## ACTIVITY
For the listing below, output exactly the lines from the line with "Stacked shipping containers in a port yard" up to and including the line with "1109 Canton Court", and no other lines.

## DATA FOR PROCESSING
↓↓↓
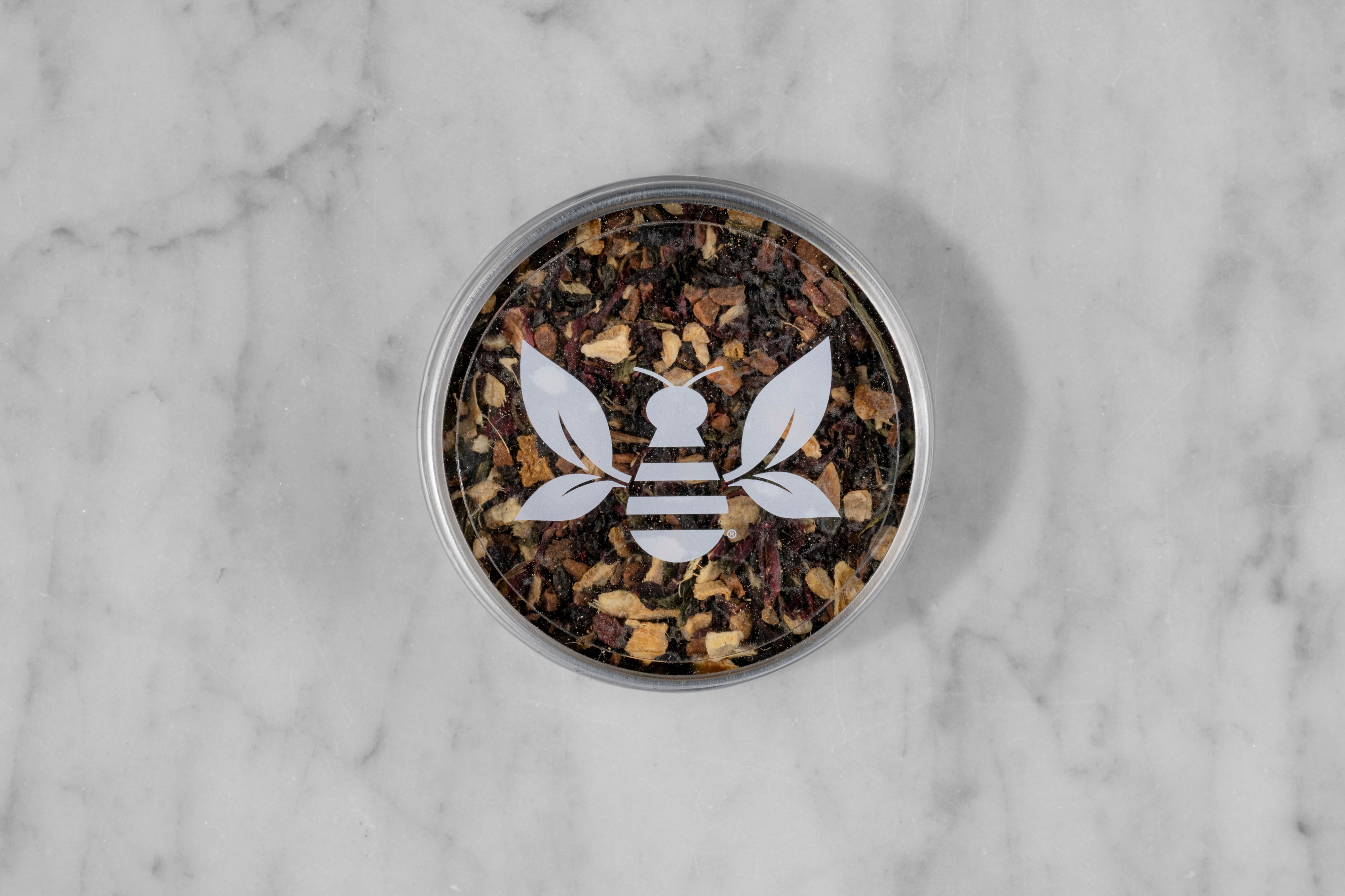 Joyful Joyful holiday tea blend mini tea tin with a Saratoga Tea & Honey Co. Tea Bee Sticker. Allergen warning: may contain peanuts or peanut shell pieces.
↑↑↑
↓↓↓
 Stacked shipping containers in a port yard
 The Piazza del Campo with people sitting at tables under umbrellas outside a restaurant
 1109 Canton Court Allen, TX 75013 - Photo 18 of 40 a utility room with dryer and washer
↑↑↑
↓↓↓
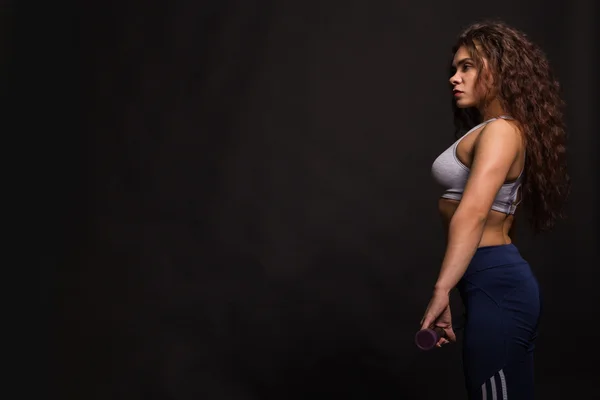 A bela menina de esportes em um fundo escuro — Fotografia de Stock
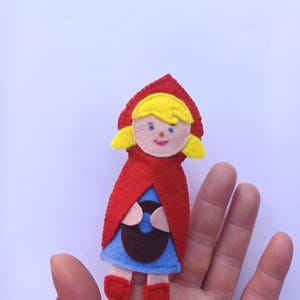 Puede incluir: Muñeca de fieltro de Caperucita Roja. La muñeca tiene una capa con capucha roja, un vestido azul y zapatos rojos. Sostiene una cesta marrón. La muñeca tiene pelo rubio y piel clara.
↑↑↑
## RESULT OF THIS EXERCISE
 Stacked shipping containers in a port yard
 The Piazza del Campo with people sitting at tables under umbrellas outside a restaurant
 1109 Canton Court Allen, TX 75013 - Photo 18 of 40 a utility room with dryer and washer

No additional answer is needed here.